Furthermore, a separate study utilized small airway epithelial cells exposed to a condensate of cigarette smoke to determine the small RNAs' composition in the extracellular vesicles126. The authors identified a decrease in the expression (p < 0.05) of five piRNAs (piR36705, piR37183, piR59260, piR36924, piR52900), and an increase in the expression (p < 0.05) of two piRNAs (piR31985, piR50603) concerning controls.
Similarly, Sundar et al. analyzed the extracellular vesicles' content in the plasma of smokers, patients with COPD, and non-smokers127. They selected the piRNAs that were expressed differentially (p < 0.01) to compare the three study groups. They identified three piRNAs (piR004153, piR020813, piR020450) in smokers and non-smokers; two piRNAs (piR012753, piR020813) in non-smokers and COPD patients; and four piRNAs (piR004153, piR020813, piR020450, piR016735) in smokers and COPD patients.
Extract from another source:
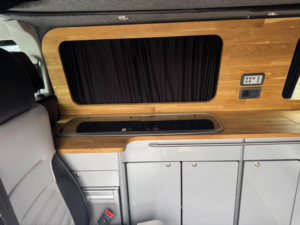 2016 Volkswagen Transporter 2.0 Tdi T32 Bluemotion Tech Highline in Silver — image 2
These studies demonstrate the differential expression of piRNAs in various diseases, although only one study performed a functional analysis that demonstrated the capacity of piRNAs to regulate the function of other genes. Therefore, this analysis is essential to understand piRNAs function in the development and progression of these diseases and the possibility of utilizing them as biomarkers and therapeutical targets128,129. Unlike other ncRNAsfor example, the lncRNAspiRNAs are not easily degraded and can efficiently pass through the cell membrane130. These characteristics allow piRNAs to be detected in samples that are easy to collect, such as serum, plasma, blood, and urine. One study demonstrated that the piR-57125, implicated in renal cancer, is readily detected in serum and plasma samples131.
Perspectives
As the discovery of piRNAs occurred a decade ago, many functions of the proteins that participate in their biogenesis are still unknown. However, we know that numerous factors participate in carrying out the transcriptional and post-transcriptional regulation of transposons and mRNA. The precise mechanisms involved in these functions are still under study, with most published reports focusing on attempts to elucidate them while setting aside analyses of the expression of these piRNAs in different cell lines under distinct types of stress, for example, components of environmental contamination in general.
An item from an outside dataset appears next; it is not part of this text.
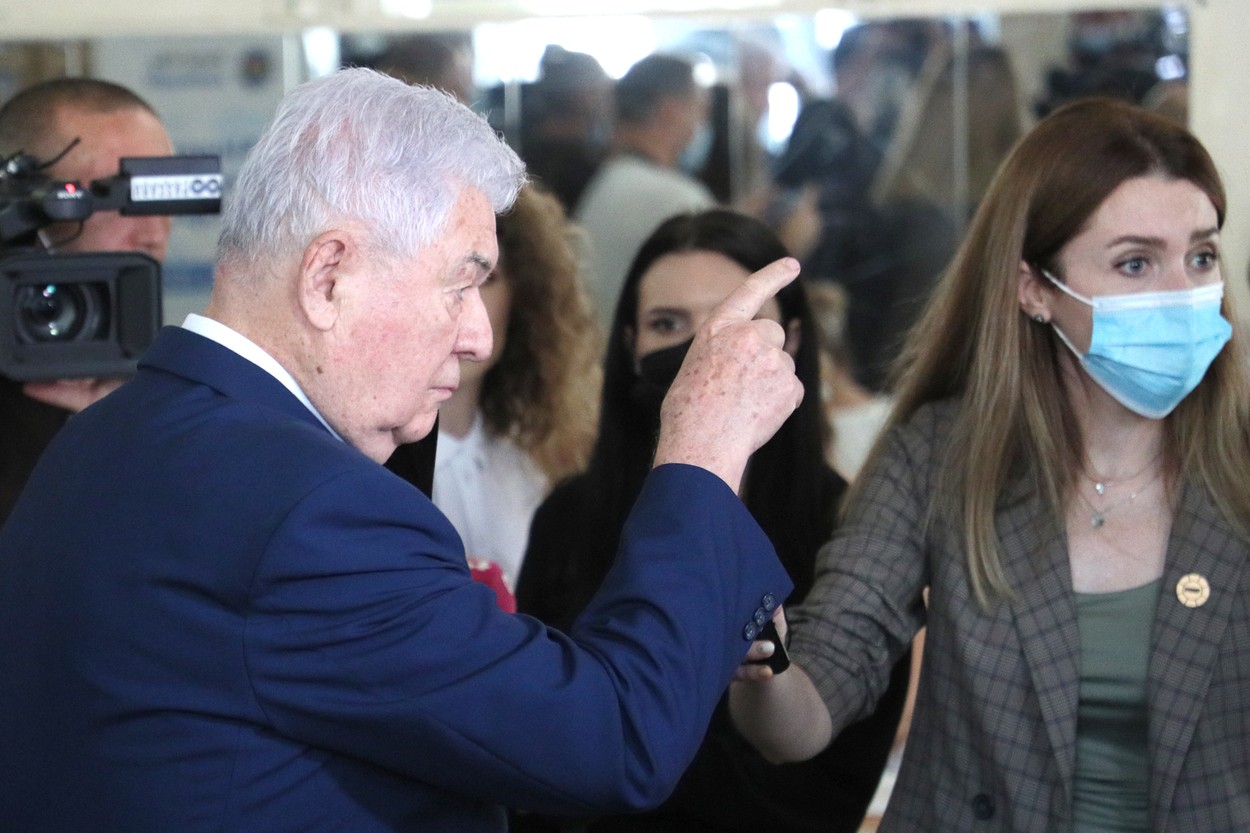 Maia Sandu, ”pusă la colț” și de Vladimir Voronin: ”Ceea ce ea a permis, intenționat sau neintenționat, va costa scump toată Moldova”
In recent years, evidence has shown that many environmental contaminants alter the epigenome by modifying the state of DNA methylation, histones, or the expression of ncRNAs. Two of the main questions that need to be answered are how the action of different contaminants affects the expression of piRNAs and whether this expression has any functional importance for the diseases associated with prolonged exposure due to differential piRNAs expression. The answers to these questions will help understand better part of the complex mechanisms through which environmental contaminants generate changes in the genome.
Finally, it is essential to emphasize the potential use of piRNAs as therapeutic targets in various diseases, whether by blocking their expression or taking advantage of their characteristics through synthetic piRNAs capable of blocking protein synthesis by binding to mRNA. These possibilities represent another opportunity with potential applications in the fields of both biomedicine and clinical medicine.